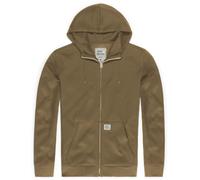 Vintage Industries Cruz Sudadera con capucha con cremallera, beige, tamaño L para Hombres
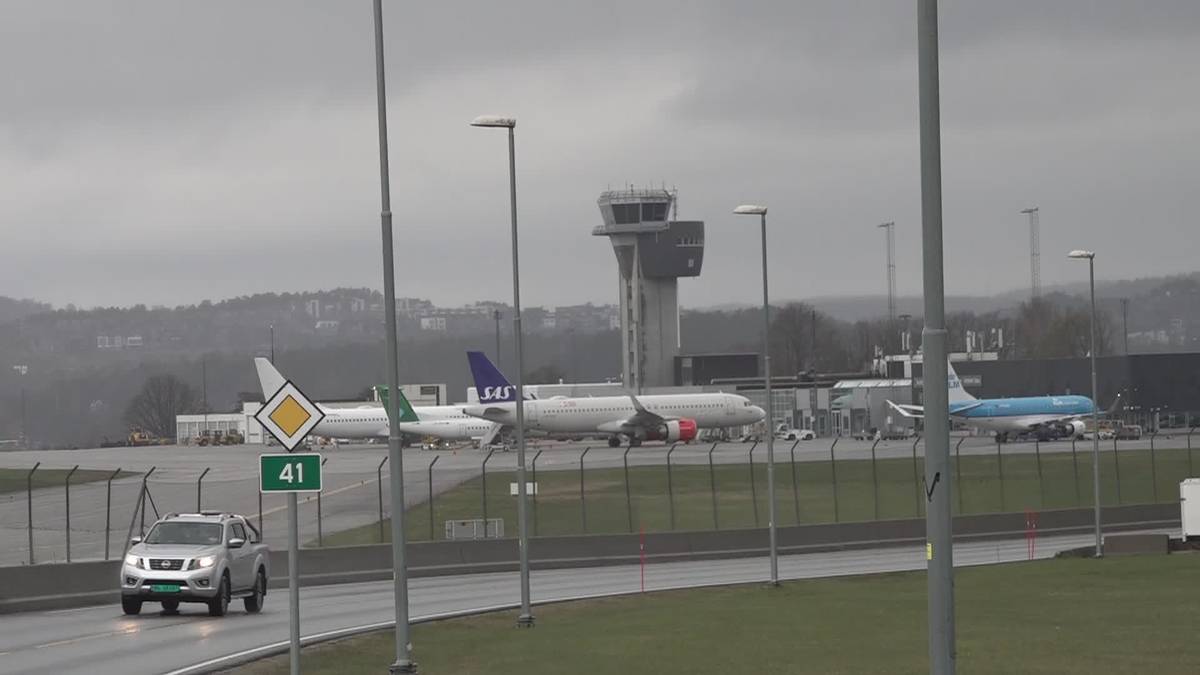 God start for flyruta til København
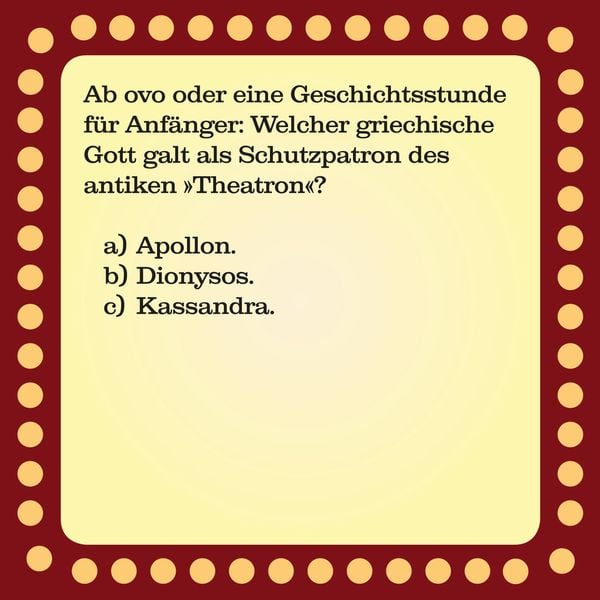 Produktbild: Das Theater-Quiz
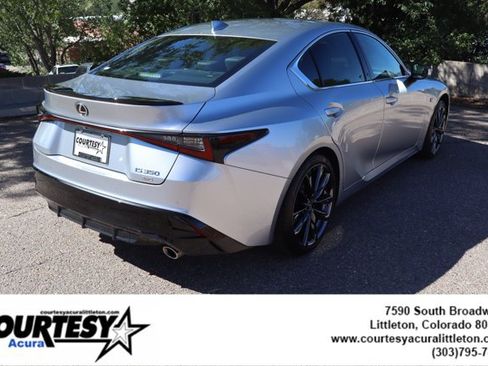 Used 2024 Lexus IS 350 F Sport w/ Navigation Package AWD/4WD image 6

* * *

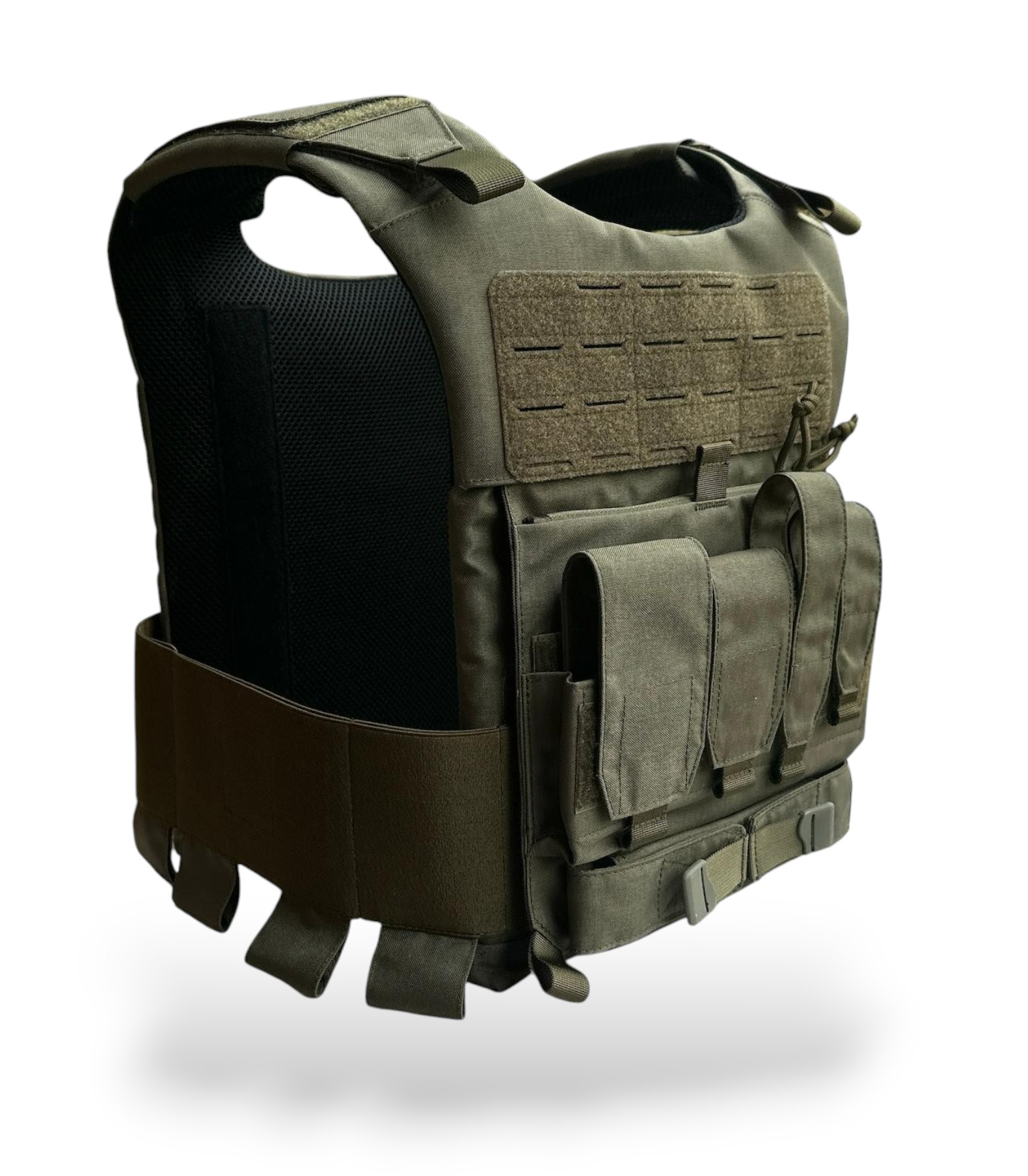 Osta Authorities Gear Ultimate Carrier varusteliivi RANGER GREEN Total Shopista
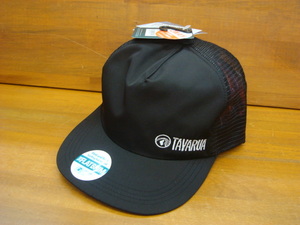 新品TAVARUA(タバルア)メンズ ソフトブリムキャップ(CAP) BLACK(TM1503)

PROBLEM STATEMENT >>
Leaving out all pictures, set down exactly the lines of the material above, from the line with "Vintage Industries Cruz" to the line with "Used 2024 Lexus" inclusive, and no others.

EXERCISE RESPONSE >>
 Vintage Industries Cruz Sudadera con capucha con cremallera, beige, tamaño L para Hombres
 God start for flyruta til København
 Produktbild: Das Theater-Quiz
 Used 2024 Lexus IS 350 F Sport w/ Navigation Package AWD/4WD image 6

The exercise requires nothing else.